Menacer les banques centrales coûte cher
5 min
Les banques centrales sont sous pression
Trump attaque et le Congrès se tait. Quel impact sur l’économie ? La Fed pourra-t-elle encore opérer de manière indépendante ? Dans cette nouvelle vidéo, le Chief Economist Koen De Leus explique en 4 minutes comment ces tensions politiques peuvent faire trembler les marchés financiers.
La stabilité des prix. Le concept peut paraître ennuyeux. C’est néanmoins le carburant de l’économie. Sans prix stables, le pouvoir d’achat s'évapore, avec un effet immédiat sur votre caddie. Mais pour maintenir cette stabilité, la Fed doit parfois fermer le bar, juste au moment où la fête allait commencer. Des taux d'intérêt plus élevés, une demande en berne, plus de chômage. Rien qui puisse vous aider à gagner des élections. C'est pourquoi cette tâche a été confiée aux banquiers centraux. Eux n'ont pas besoin de récolter des voix.
Cependant, ils ne peuvent mener à bien cette tâche que si deux conditions sont remplies : l'indépendance politique dans leur processus de décision à court terme, et le soutien politique à long terme. Aujourd'hui, nous faisons face à la situation inverse : des attaques incessantes de la part de Trump et un silence assourdissant du Congrès.
Mr. Too Late
Que les présidents appellent à une baisse des taux d'intérêt n'est pas nouveau. Les attaques personnelles incessantes de Trump contre Powell, qui se voit affubler de surnoms tels que « crétin », « loser» et « Mr. Too Late », sont en revanche inédites. De plus, Trump tente de remplacer les administrateurs de la Fed par des proches. La gouverneure de la Fed, Lisa Cook, est autorisée à rester en poste pour le moment, grâce à une décision d'un juge d'appel, après avoir été licenciée par Trump pour fraude hypothécaire présumée. La Cour suprême américaine - où Trump a nommé une majorité de juges - aura probablement le dernier mot dans cette affaire.
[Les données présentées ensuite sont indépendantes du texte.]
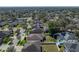 An aerial view of a home in a well-developed residential area with a large number of trees at 1525 Banner Elk St, Valrico, FL 33594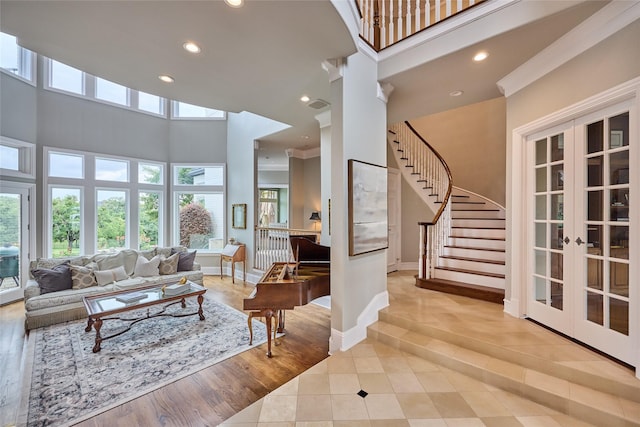 3 Savannah Ridge Dr, Frisco, TX 75034 - tiled living room with stairs, recessed lighting, french doors, a towering ceiling, and baseboards
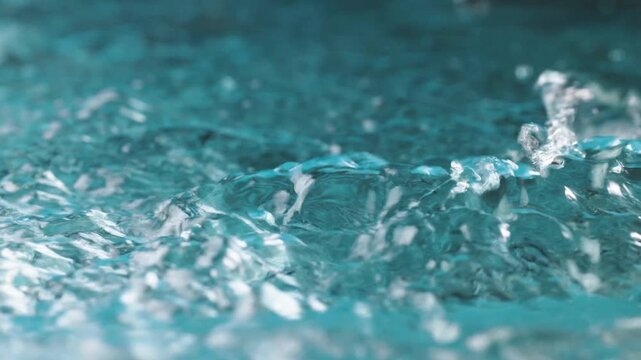 water drop splash on blue background. splashing water with transparent droplets, waves. Fresh, clean, pure liquid, cool beverage. Abstract blue background, macro shot. Nature, healthy drink. Beauty.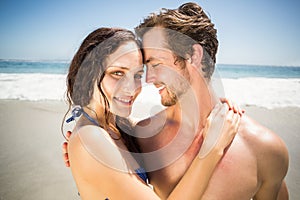 Young couple embracing each other on the beach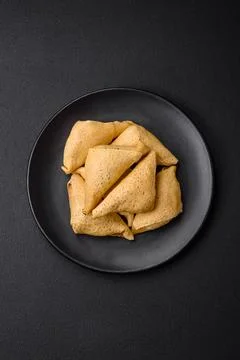 Delicious pancakes triangular shape with meat, salt and spices Stock Photos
Powell se sait dans le viseur. Lors de la grand messe des banquiers centraux à Jackson Hole, il a estimé que le risque de chômage était plus élevé que celui de l’inflation. Un revirement de 180° par rapport au mois dernier. Avec cette quasi-annonce d'une baisse des taux d'intérêt - qui est maintenant une réalité - il a tenté de faire retomber la pression. Suite aux chiffres décevants de l'emploi publiés plus tard au cours du même mois, nous prévoyons désormais deux baisses de taux supplémentaires cette année et deux l'année prochaine. D'ici la fin 2026, le taux d'intérêt devrait ainsi atteindre 3,25 pour cent.
Choc inflationniste
Ces stimuli importants ne sont pas dénués de risque. Car en même temps, la politique migratoire ferme a déjà fait disparaître 1,2 million de travailleurs du marché de l’emploi. Ajoutez à cela les tarifs douaniers sur les importations imposés par Trump - qui, selon BNP Paribas, feront augmenter les prix à la consommation d'environ 3,5 pour cent - et des taux d'intérêt bas et vous obtiendrez la recette parfaite d’un choc inflationniste.
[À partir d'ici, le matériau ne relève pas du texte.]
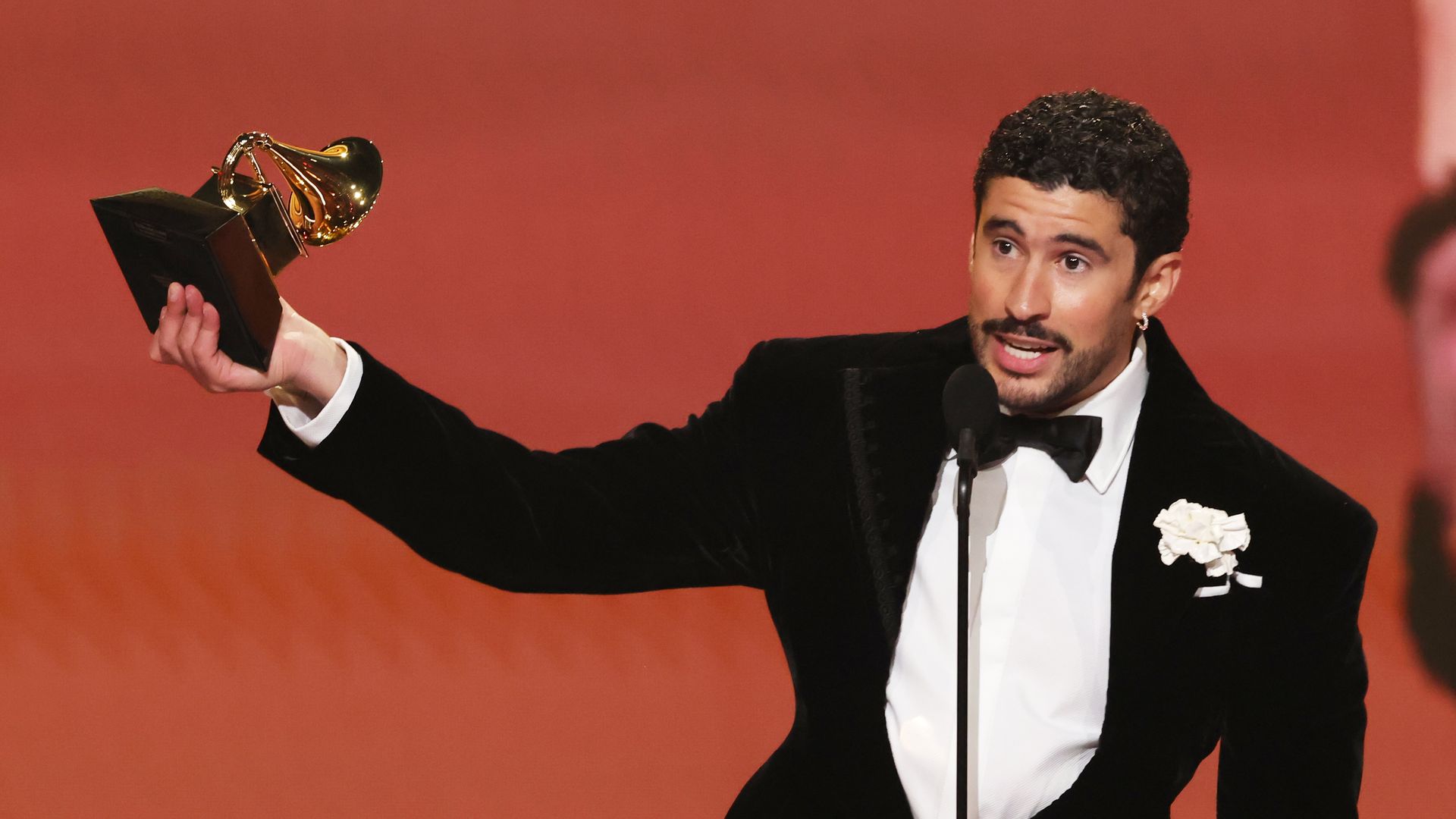 LOS ANGELES, CALIFORNIA - FEBRUARY 01: Bad Bunny accepts the Album of the Year award for "DeBÃ TiRAR MÃ¡S FOToS" onstage during the 68th GRAMMY Awards at Crypto.com Arena on February 01, 2026 in Los Angeles, California.  (Photo by Kevin Winter/Getty Images for The Recording Academy)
Et pourtant... les marchés demeurent indifférents à ces signaux. Le taux d'intérêt à 30 ans atteint un sommet, mais ceux à 2 et 10 ans restent stables. Comme si les investisseurs pensaient : « Bah, Powell tiendra bon. » Mais que se passera-t-il si Trump parvient vraiment à mettre la main sur la Fed ? Dans ce cas, des attentes d'inflation plus élevées et des taux d'intérêt plus hauts seront justifiés. Le dollar risque également d’en prendre un coup.
Pourquoi les marchés ne réagissent-ils par plus fortement ? Parce que se protéger contre les risques coûte cher pour les investisseurs professionnels. Celui qui anticipe aujourd'hui et se trompe se retrouvera à la traîne demain. Alors, ils reportent leur décision. Jusqu'à ce qu'ils ne puissent plus ignorer le risque. A ce moment-là, tout le monde se précipitera vers la sortie en même temps. Et ce sera le chaos. Pour les entreprises, d'autres critères s'appliquent. La comparaison avec les concurrents est moins pertinente. L'évolution du dollar et des taux d'intérêt sont des facteurs-clés pour l’activité économique. Lorsque les nuages se font plus menaçants, il est préférable d'acheter un parapluie pour se protéger de la tempête à venir. Et avec Trump aux commandes pendant encore trois ans, une nouvelle menace peut surgir à tout instant.